FILM TITLE:  Kurinji (The Disappearing Flower)

LOGLINE:  When the wife of a migrant labourer stops receiving his monthly money-transfers, she enlists her lover to search for him, while she struggles to repay the husband’s debt.

WRITER & DIRECTOR: Payal Sethi

 Location: Coastal Village in Kerala
Pravasalokam - A TV show that helps locate missing migrant workers
Letters to My Wife

BIOGRAPHY | Payal SETHI, Writer & Director
Payal studied screenwriting & direction at Vassar College & NYU’s Tisch School of the Arts. She worked at Mira Nair’s Mirabai Films & at the Tribeca Film Festival, before making GRANT ST SHAVING CO.  which won Best Film at The Smalls (UK) Film Festival. She is the recipient of Asia Society's Fellowship for Screenwriters for her screenplay, PANTHER. Her second short film, LEECHES, won the National Film Award of India for Best Music, and has screened at over 60 renowned film festivals worldwide, including Tampere, Palm Springs, Durban, IFFLA & Sapporo. It won the Grand Prix Internationale at Brussels Short Film Festival and several other prestigious awards. Recently, Payal was Creative Producer for RITU GOES ONLINE, a short documentary directed by Vrinda Samartha about women’s empowerment, commissioned for the Indian Ministry of Skill & Development by Deutsche Gesellschaft für Internationale Zusammenarbeit. 


FILMMAKER'S STATEMENT
I started thinking about Laly Mohan’s story when I first came across the term ‘Gulf Wife’ in an article - a term for women whose husbands work in the Gulf. Digging into a 200-page report by Human Rights Watch, I learnt that these wives all had one thing in common - they were trapped in long-distance relationships. I had considerable experience with this, first as an international student living on the other side of the world from my family, and subsequently, during two major relationships. So my first point of connection to the story was through this shared experience.    Secondly, the lack of interest in Gulf Wives strikes me as surprising – almost no attention is available to these women who are deeply impacted by the migration process. They are practically invisible to the media and even to academic researchers, and so I hope this film will have a small part in correcting this imbalance.  
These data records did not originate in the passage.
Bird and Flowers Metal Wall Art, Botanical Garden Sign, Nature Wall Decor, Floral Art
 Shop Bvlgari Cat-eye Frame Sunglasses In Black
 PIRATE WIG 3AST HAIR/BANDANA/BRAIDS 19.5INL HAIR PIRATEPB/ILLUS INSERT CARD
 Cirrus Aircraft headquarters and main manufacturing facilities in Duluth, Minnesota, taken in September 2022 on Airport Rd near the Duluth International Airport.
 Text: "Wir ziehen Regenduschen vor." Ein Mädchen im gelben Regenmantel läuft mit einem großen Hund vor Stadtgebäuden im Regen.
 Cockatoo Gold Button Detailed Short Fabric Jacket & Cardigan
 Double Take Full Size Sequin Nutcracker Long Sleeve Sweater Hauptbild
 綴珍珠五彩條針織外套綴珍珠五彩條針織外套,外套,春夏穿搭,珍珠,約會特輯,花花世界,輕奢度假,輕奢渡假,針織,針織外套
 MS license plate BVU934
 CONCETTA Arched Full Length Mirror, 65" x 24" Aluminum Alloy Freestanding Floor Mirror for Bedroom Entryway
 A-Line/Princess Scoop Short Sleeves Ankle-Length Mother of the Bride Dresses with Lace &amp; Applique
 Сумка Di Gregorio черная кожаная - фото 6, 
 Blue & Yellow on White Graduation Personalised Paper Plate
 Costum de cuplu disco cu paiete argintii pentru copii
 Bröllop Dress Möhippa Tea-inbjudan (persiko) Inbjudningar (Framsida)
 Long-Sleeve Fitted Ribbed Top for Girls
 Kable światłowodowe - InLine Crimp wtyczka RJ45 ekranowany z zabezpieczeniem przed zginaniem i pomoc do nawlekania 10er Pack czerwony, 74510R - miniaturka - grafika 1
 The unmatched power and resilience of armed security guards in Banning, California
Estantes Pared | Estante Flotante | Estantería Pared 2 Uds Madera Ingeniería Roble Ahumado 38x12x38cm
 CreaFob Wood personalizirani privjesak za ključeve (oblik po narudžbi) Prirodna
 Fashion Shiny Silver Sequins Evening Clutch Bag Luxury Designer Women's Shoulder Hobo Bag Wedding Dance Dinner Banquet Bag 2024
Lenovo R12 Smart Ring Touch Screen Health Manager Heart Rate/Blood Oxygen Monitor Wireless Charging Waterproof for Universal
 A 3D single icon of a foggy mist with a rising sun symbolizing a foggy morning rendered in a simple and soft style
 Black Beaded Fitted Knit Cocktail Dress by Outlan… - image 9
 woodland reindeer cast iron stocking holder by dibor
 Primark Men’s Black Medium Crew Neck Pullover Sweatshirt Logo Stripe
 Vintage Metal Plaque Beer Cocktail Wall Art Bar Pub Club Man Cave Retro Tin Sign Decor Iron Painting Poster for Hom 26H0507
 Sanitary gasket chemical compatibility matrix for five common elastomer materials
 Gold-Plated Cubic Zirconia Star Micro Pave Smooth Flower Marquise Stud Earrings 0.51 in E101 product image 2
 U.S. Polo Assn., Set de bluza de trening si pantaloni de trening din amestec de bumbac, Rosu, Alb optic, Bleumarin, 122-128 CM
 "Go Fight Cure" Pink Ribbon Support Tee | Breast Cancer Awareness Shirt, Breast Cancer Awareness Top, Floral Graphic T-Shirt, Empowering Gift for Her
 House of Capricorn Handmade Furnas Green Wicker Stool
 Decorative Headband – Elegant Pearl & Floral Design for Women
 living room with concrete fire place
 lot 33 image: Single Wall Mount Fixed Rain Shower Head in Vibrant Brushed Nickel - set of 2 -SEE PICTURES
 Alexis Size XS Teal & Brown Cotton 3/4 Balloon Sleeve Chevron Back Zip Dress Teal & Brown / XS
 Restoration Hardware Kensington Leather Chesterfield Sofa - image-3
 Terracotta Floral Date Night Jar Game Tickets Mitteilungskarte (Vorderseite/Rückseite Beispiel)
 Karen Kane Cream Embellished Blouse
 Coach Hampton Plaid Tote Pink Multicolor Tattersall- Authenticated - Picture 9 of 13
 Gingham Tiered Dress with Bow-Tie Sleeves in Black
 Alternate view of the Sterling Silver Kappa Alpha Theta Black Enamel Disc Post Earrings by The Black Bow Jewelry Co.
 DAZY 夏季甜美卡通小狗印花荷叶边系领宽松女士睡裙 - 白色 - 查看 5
When we first meet Laly she can no longer remember her husband’s face clearly. The majority of Mohan’s earnings have gone into buying shiny appliances for the big house he is building as a status symbol, and towards his daughter’s education. He is merely the voice on the phone to his family, and that is the only way the audience engages with him as well. Capturing this relationship with memory is important to me, and sound-design will play a major role in establishing these fragile familial bonds, while also creating soundscapes that reflect the inner worlds of these characters.  

My last short film, LEECHES, grew out of a year-long research. I have continued the practice of extensive research while writing this feature, because one of my main motivations as a filmmaker is to give shape to the realities of those who are seldom seen on screen.